_Source data:_
··········
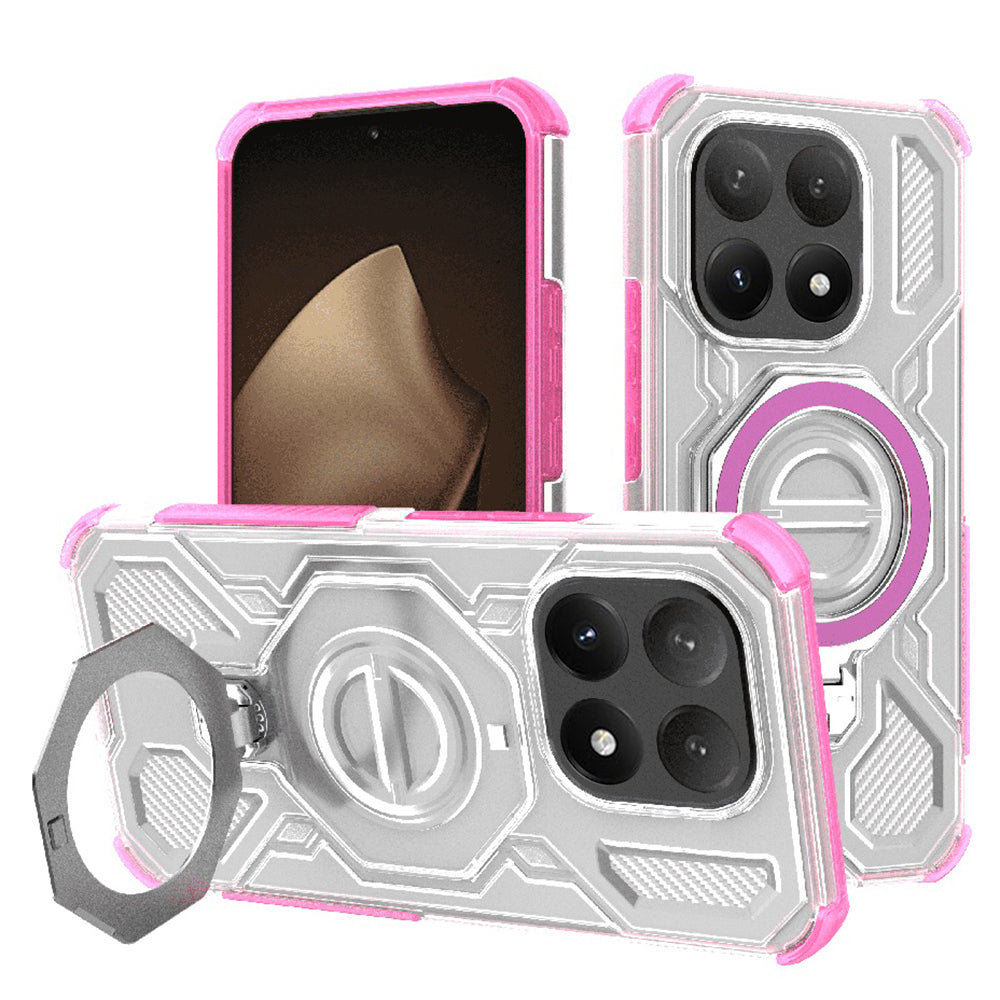 Hülle für Xiaomi 15T, Techsuit, Carbon Shield Pro, Rosa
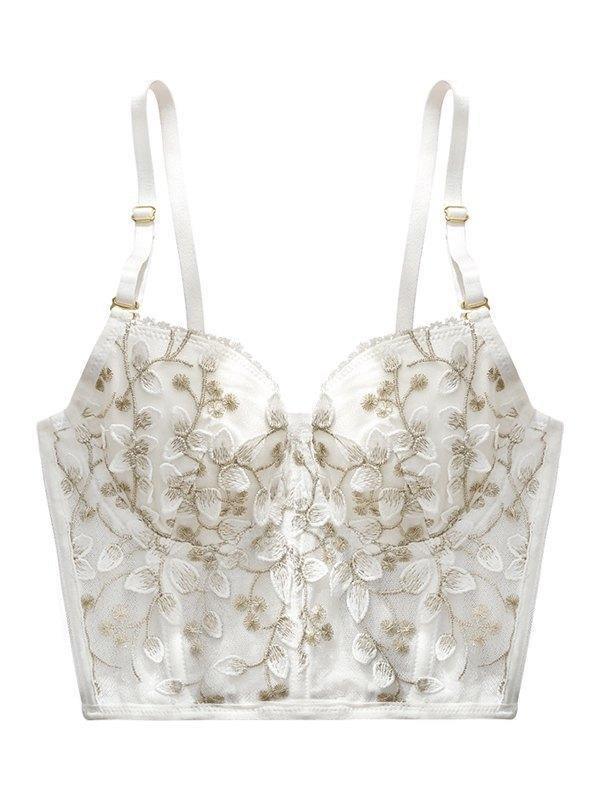 Vintage Lace Embroidery Bustier - AnotherChill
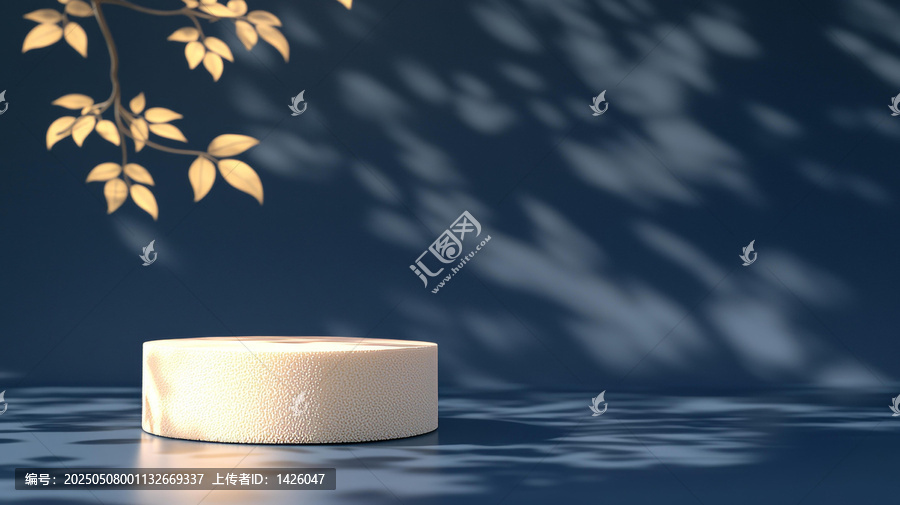 簡(jiǎn)潔的自然光影產(chǎn)品展示臺(tái)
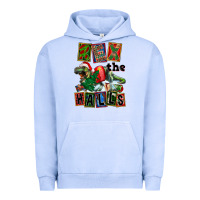 Pigment Grape Ice Rex The Halls Urban Hoodie - FaDigitalArtStudio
··········
_Work required:_ Although the material contains pictures, only the lines are to be written out, exactly as they stand.

_Task answer:_
 Hülle für Xiaomi 15T, Techsuit, Carbon Shield Pro, Rosa
 Vintage Lace Embroidery Bustier - AnotherChill
 簡(jiǎn)潔的自然光影產(chǎn)品展示臺(tái)
 Pigment Grape Ice Rex The Halls Urban Hoodie - FaDigitalArtStudio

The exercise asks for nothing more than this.